Secular pilgrimages: France/Azerbaijan – models for the world, or unique examples?
Press Release: On 14 December, The European Azerbaijan Society (TEAS) and the Institut de Découverte et d’Étude du Monde Musulman (IDEMM) held a symposium entitled Pelerinages Laics: France/Azerbaïdjan –modèles universels ou exemples singuliers? (Secular pilgrimages: France/Azerbaijan – models for the world, or unique examples?) chaired by Thierry Mariani, MP of French nationals from abroad and the President of the France–Azerbaijan Friendship Group in the French National Assembly.

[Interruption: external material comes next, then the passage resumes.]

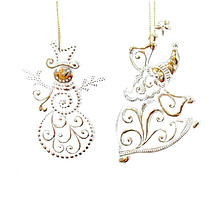 Украшение новогоднее "Санта и снеговик", прозрачный, золотистый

The symposium was held in the prestigious setting of the Palais Bourbon and attended by some leading experts, including Jean-Louis Bianco, President of the Observatoire National de la Laïcité; Jean Baubérot, Historian, Sociologist and Founder of the Sociology of Secularism; Tareq Oubrou, Head of the Bordeaux Mosque and Director of IDEMM; Jean-Pierre Allali, Member of the Conseil Représentatif des Institutions Juives de France (Representative Council of Jewish Institutions in France); and Nigar Huseynova, Counsellor, Political Affairs, Azerbaijani Embassy in France. Around 100 diplomats, academics, historians, opinion-makers and civil society representatives were delegates at the symposium, all of which were interested in discussing the concept of secularism and the future of cohabitation between different religious communities in France and elsewhere around the world.
The symposium was divided into two roundtables, one focusing on the state of secularism in France and elsewhere and the other examining the Azerbaijani approach to secularism. Ghaleb Bencheikh, a famous philosopher, theologian and TV host of the weekly show Islam on French public television, moderated both sessions. This also examined the theoretical and historic background of secularism and helped highlight the differences and similarities between secularism in France and Azerbaijan.
Azerbaijan is a country with a Muslim majority and Jewish, Catholic and Orthodox communities living alongside one another in a unique model for coexistence and respect of minorities within the Muslim world. In this respect, Azerbaijan gives some food for debate on secularism in France and in the world of Islam. Also, Azerbaijan is probably the only country in the world where the Jewish Community has not been threatened for more than 1000 years, and where the ancient religious sites of all communities that were destroyed during the Soviet era have been rebuilt by the State.
The roundtable came in the wake of an event in June when TEAS and IDEMM hosted a symposium entitled Islam and Secularism: Shared stakes — the Azerbaijani experience and its reflection in France at the Musée d’Aquitaine in Bordeaux, France. This symposium was chaired by Tareq Oubrou and Vincent Feltesse, a local MP. Nijat Mammadly, Director, International Relations, Azerbaijani State Committee for Work with Religious Organisations, travelled all the way from Baku to attend the symposium among 150 guests, including many political and religious leaders.